Normalerweise macht mein Mund eine ganze Menge, damit andere wissen, woran sie mit mir sind. Meine Augen sind gar nicht so eindeutig, wie ich immer dachte. Wenn die Fältchen auftauchen, ist das vielleicht ein höfliches Lächeln. Oder einfach nur ein Reflex auf helles Licht. Selbst hochgezogene Augenbrauchen signalisieren alles Mögliche. Staunen, Ratlosigkeit, leichter Ärger. Auf den ersten Blick gibt mein Blick nicht besonders viel her, stelle ich fest. Und nun?

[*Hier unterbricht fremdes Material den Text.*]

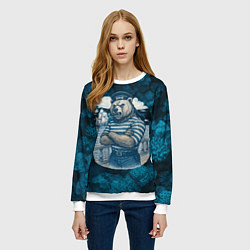 Свитшот женский Медведь ВМФ в тельняшке, цвет: 3D-белый — фото 2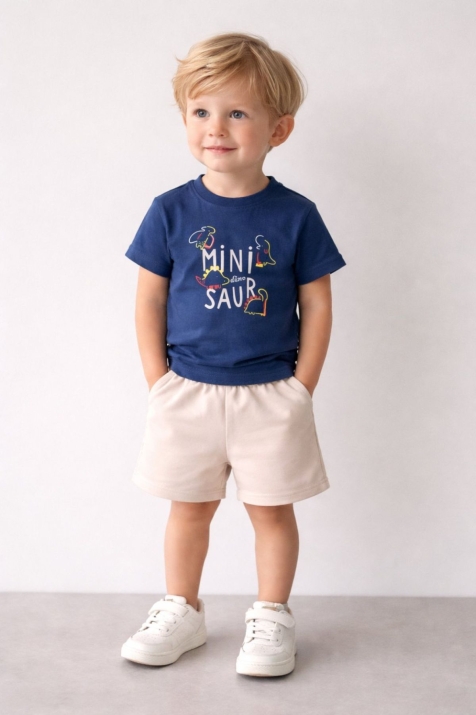 Детски комплект за момче с къс ръкав, син цвят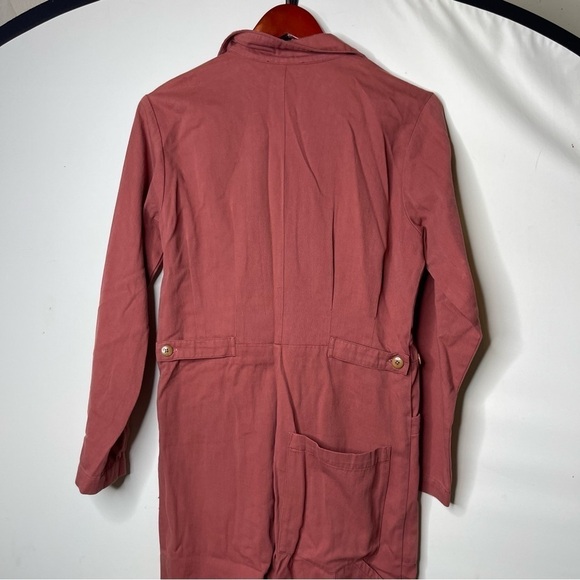 Ilana Kohn Long Sleeve Chichi Utility Coverall Jumpsuit in soft rust red sz XS - Picture 9 of 11
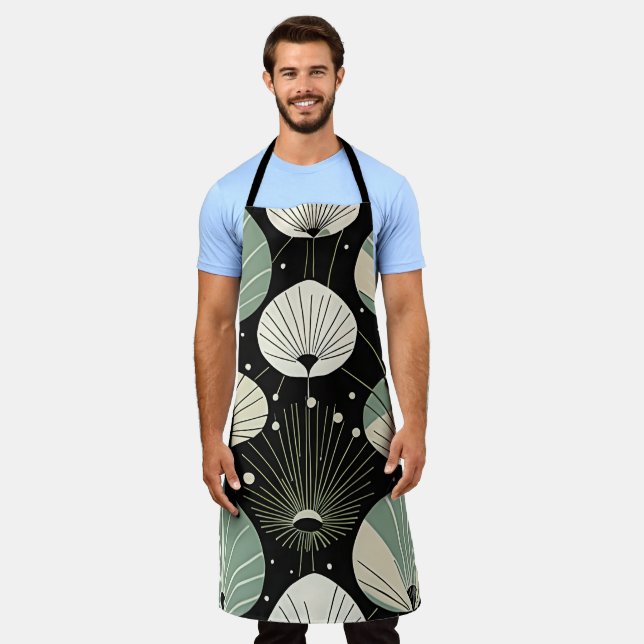 Tablier Motif moderne géométrique de l'ère atomique rétro (Porté)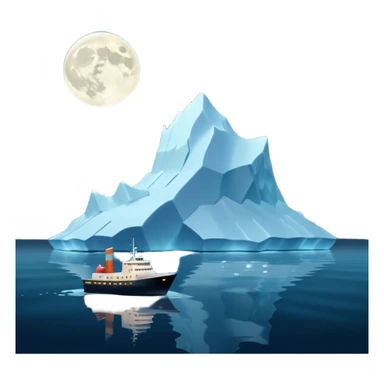 A 3D iceberg in Apple Memoji style, no face, smooth and glossy, floating in dark ocean at night, soft moonlight, subtle reflections, minimal style. A tiny ship in the distance approaching. Pixar-style render, cinematic and clean.
 sticker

Augen sind die Fenster zur Seele, heißt es so schön. In meiner Seele sind die wirklich tiefen Gefühle. Also denke ich an meine Kinder. Und beobachte über die Maske hinweg, wie meine Augen sich verändern. Die werden irgendwie weich. Und sogar strahlend bei der Erinnerung an einen wirklich schönen Abend mit Freunden vor ein paar Wochen, bei dem ich mich so wohl gefühlt habe. Und dann fällt mir eine wirklich hässliche Szene ein, und ich beobachte, wie meine Augen allen Glanz verlieren.

Ich nehme sie ab, die Mund-Nasen-Bedeckung, beende den Augen-Test. Mein Mund lächelt. Weil meine Seele verstanden hat, dass sie das Sagen hat. Mit meinen Gesichtsmuskeln kann ich spielen. Kann mir etwas vormachen. Und anderen auch. Aber wenn die Seele ins Spiel kommt, werden die Augen doch zum Spiegel, zum Fenster. Liebe, Freude, Trauer. Die wirklich wichtigen Gefühle, die kann man sehen. Lesen. In den Augen. Mit und ohne Maske.